In sum, Plug Power Inc (PLUG)’s incredible share-price performance recently is entirely predicated on a future in which hydrogen energy is ubiquitous, replacing fossil fuels across the range of humanity’s energy needs. In this hypothetical future, electrolyzers made by hydrogen-energy-equipment manufacturers harness wind and solar energy to produce hydrogen from water, and that hydrogen is converted back to electricity by hydrogen fuel-cells (HFCs), which are also conveniently sold by these same manufacturers.
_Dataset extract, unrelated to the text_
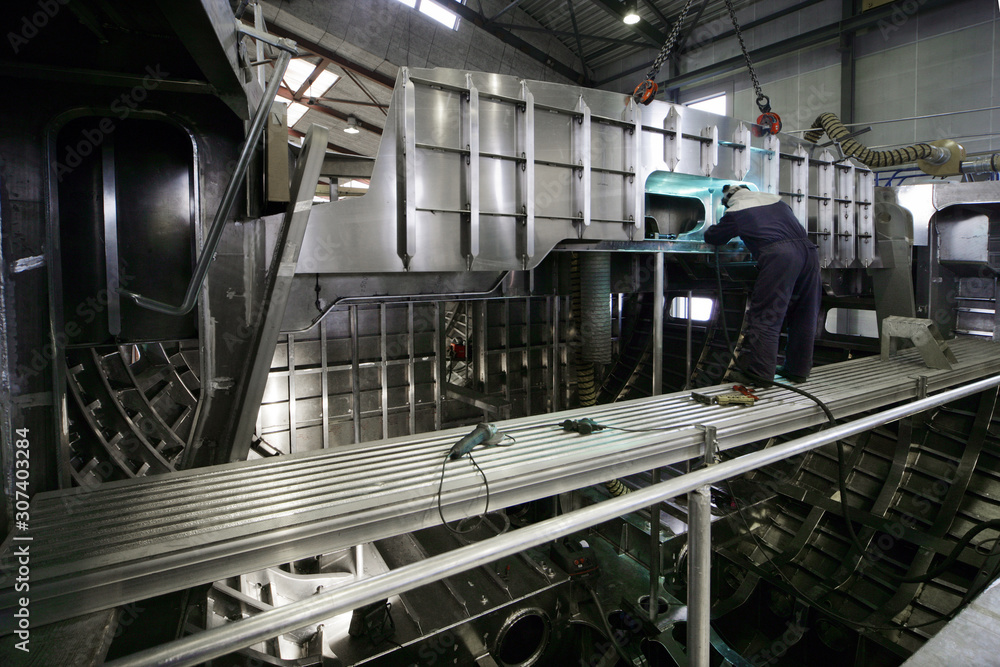 At the ship yard. Shipbuilding. Sailingyacht hull. Welding. Aluminium At the ship yard. Shipbuilding. Sailingyacht hull. Welding. Aluminium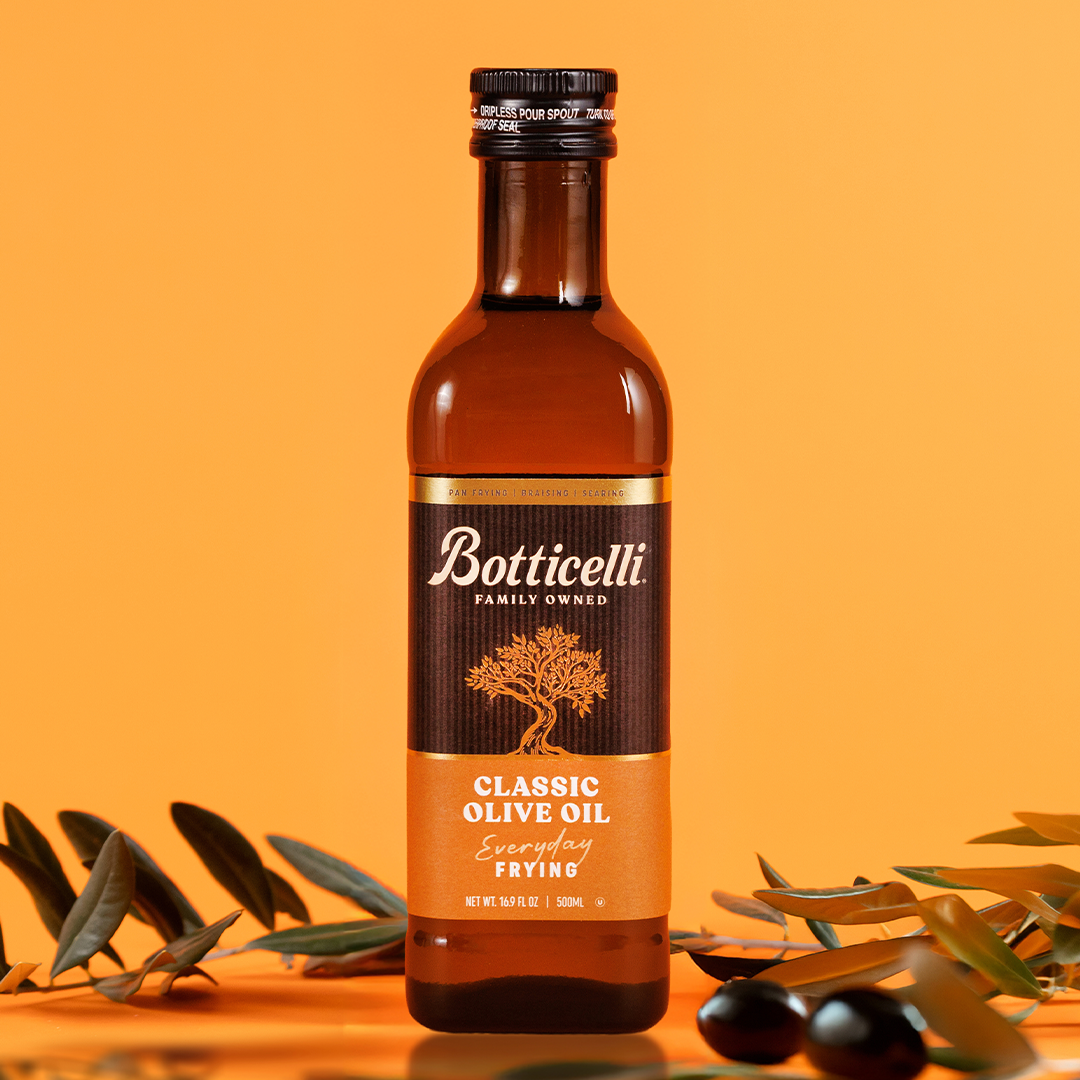 Bottle of Botticelli olive oil with olive branches on an orange background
For the reasons elaborated above, this hypothetical future is a fantasy that will undoubtedly remain hypothetical, in a repeat of the “hydrogen economy” delusions propagated in the 1970s in the wake of the oil crisis, in the 1990s in the early stages of the global warming debate, and in the early 2000s as emissions requirements were stepped up due to fears of peak oil. This time though, Li batteries and renewables-generated electricity mean that hydrogen power has a real green alternative that is more economical and actually works without any grand trillion-dollar cooperation among the world’s major energy consumers. Widespread hydrogen energy, and the electrolyzers and FCs Plug Power would sell to harness it, are as far from reality as they’ve ever been.